Acontece que, numa época de vacas magras, o professor resolveu reforçar seu orçamento e, para tal, entrou numa de arrendar o bar do Clube Palmeiras, um dos mais tradicionais da cidade e local comprovado estatisticamente como o de maior concentração de torcedores do América, por metro quadrado, do planeta.
Mais habituada aos bemóis e sustenidos do que propriamente a débitos e créditos, logo nos primeiros dias a direção do clube e o próprio professor chegaram à conclusão de que, dificilmente, o empreendimento teria sucesso, pela sucessão de fatos inusitados e acontecidos, sendo que o que passo a narrar agora é apenas um pequeno exemplo.
Numa bela noite de sexta-feira, o professor promoveu no bar do clube uma grande seresta, da qual participaram grandes especialistas da matéria como Celso Garcia, Leo Belico, Delphino Santa Rosa e Gilberto Santana, além, é claro, do próprio anfitrião. Como é de praxe nestas ocasiões, a cantoria e o velho líquido correram paralelos até a madrugada, no embalo de antigos sucessos de Orlando Silva e Sílvio Caldas.
Fim de festa, lá pelas tantas, o professor, na sua condição de arrendatário do bar e, nesta altura, também consumidor, achou por bem, encerradas as atividades, apagar as luzes e demais aparelhos elétricos do estabe3lecimento.

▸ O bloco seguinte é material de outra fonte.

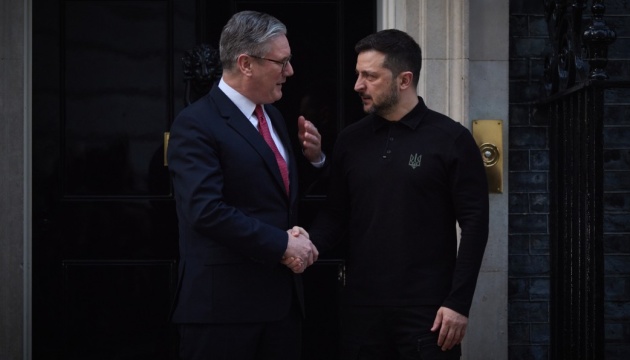 Zelensky rencontre Starmer à Londres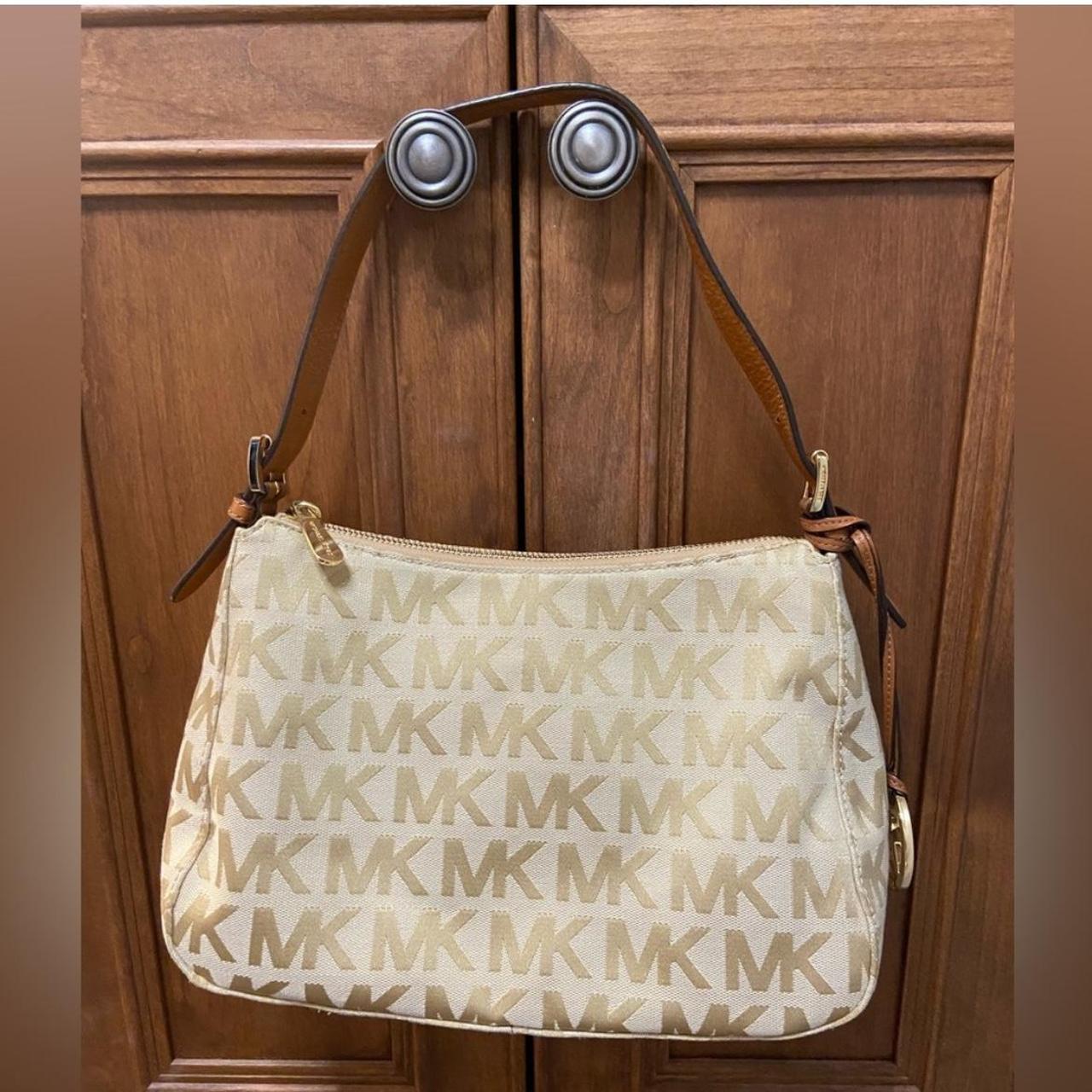 Clean a michael kors purse best sale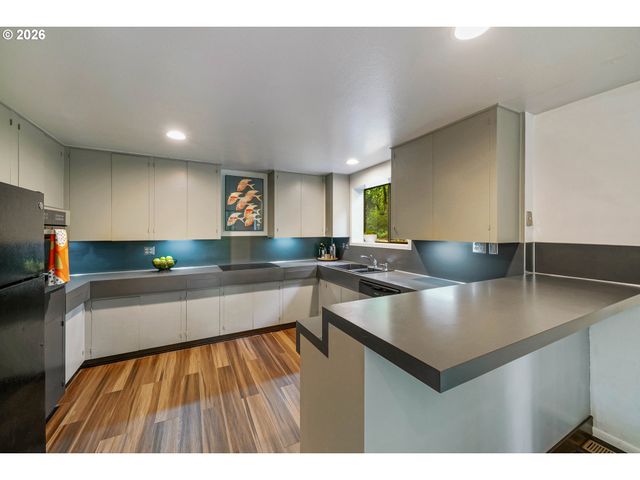 4298 RIVER Rd S, Salem, OR 97302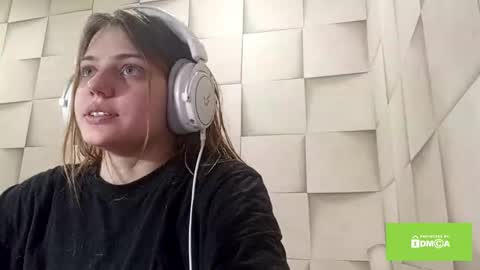 Snapshot of sharondariojas chatting on 12/17/25, 12:55 Amanda online show from 12/17/25, 12:55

Feito isso, correu para sua residência para um pequeno repouso, pois era certo que, dali a poucas horas daquela quente madrugada de verão, o clube estaria repleto de associados e atletas de fim de semana, ávidos por consumir tudo o que o bar do professor Hilário lhes pudesse oferecer.
Nove da manhã, sol já a pino e lá estava o professor atrás do balcão, de volta ao trabalho e com os olhos vermelhos denunciando a noitada recente. Com sua simplicidade e simpatia habituais, recebe a sua primeira cliente, uma senhora em traje de banho, levando duas crianças pela mão.
-Professor Hilário, tem picolé?
Só aí o nosso herói se deu conta de que a pressa de ir pra casa descansar, aliada aos golinhos tomados em profusão, haviam ocasionado uma catástrofe: ele desligara também o freezer, onde pauzinhos de picolés boiavam sobre uma multicolorida sopa de morango, coco, baunilha, flocos, chocolate, etc… Foi então que surgiu sua resposta histórica, jóia rarada presença de espírito e da sabedoria popular: Madame… tem e não tem.
E encerrou o assunto, com um largo sorriso.